Friday, January 30, 2009
A massacre forgotten and then relived
Judging by the Israeli film, "Waltz With Bashir," the 1982 massacre at the Shabra and Shatila refugee camps in Lebanon provided many Israeli soldiers with Vietnam-like experiences – flashbacks, guilt, and, in some cases, the obliteration of memory. Working in an often-eerie animated style, director Ari Folman makes a bold new contribution to a growing body of superior animated films. (Remember last year's "Persepolis?" ) Folman's animation creates a woozy world in which the movie’s main character – Folman himself – searches to recover what he lost in Lebanon, memories of the massacre, which was conducted by Christian Phalangists while the Israelis turned a blind eye.
As the film develops, Folman visits men with whom he fought, hoping that they can help him remember what he witnessed. If the movie has metaphoric reach, it's to be found just here: Sometimes a country can forget something that it desperately needs to remember.
"Waltz With Bashir" brims with memorable images: soldiers lounging on a Lebanese beach or walking through a grove of trees in the half-light of morning. Folman's images have haunting, hallucinatory power, a surreal glow that keeps the story from feeling entirely literal. We're reminded that we’re seeing events that have been filtered through years of alienation and guilt. And the animation enhances the painful subjectivity of a movie that knows the gripping fear of combat, the way that such fear can lead a group of soldiers mercilessly to fire on a moving car, only to discover that the vehicle contained a Lebanese family that posed no threat to them.
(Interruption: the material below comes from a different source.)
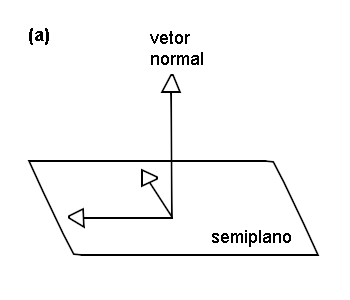 Vetor normal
Folman’s post-traumatic explosion of a movie earns a place among the great personal accounts of war and its aftermath. "Waltz With Bashir" makes clear that there are at least two parts to every war: the part that takes place on the battlefield and the part that takes place in the mind. Unlike the wars of the battlefield, the wars that haunt the mind admit to no ceasefires. Those battles may slip into dormancy, but always are ready to flare up anew.